◆ **ACTIVITY**: Retype the entries word for word, leaving nothing out.

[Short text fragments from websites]
● ● ● ●

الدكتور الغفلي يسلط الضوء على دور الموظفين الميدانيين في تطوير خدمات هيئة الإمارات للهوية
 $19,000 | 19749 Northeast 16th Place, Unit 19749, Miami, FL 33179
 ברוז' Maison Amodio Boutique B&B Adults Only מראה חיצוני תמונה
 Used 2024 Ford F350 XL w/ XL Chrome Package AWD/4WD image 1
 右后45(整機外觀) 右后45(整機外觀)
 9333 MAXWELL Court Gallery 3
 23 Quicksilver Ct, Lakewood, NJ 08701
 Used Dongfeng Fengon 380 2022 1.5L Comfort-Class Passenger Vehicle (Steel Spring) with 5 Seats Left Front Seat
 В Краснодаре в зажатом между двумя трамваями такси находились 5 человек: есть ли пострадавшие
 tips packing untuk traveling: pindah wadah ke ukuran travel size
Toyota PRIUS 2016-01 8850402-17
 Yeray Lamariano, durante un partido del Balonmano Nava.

● ● ● ●

◆ **SOLUTION BELOW**:
الدكتور الغفلي يسلط الضوء على دور الموظفين الميدانيين في تطوير خدمات هيئة الإمارات للهوية
 $19,000 | 19749 Northeast 16th Place, Unit 19749, Miami, FL 33179
 ברוז' Maison Amodio Boutique B&B Adults Only מראה חיצוני תמונה
 Used 2024 Ford F350 XL w/ XL Chrome Package AWD/4WD image 1
 右后45(整機外觀) 右后45(整機外觀)
 9333 MAXWELL Court Gallery 3
 23 Quicksilver Ct, Lakewood, NJ 08701
 Used Dongfeng Fengon 380 2022 1.5L Comfort-Class Passenger Vehicle (Steel Spring) with 5 Seats Left Front Seat
 В Краснодаре в зажатом между двумя трамваями такси находились 5 человек: есть ли пострадавшие
 tips packing untuk traveling: pindah wadah ke ukuran travel size
Toyota PRIUS 2016-01 8850402-17
 Yeray Lamariano, durante un partido del Balonmano Nava.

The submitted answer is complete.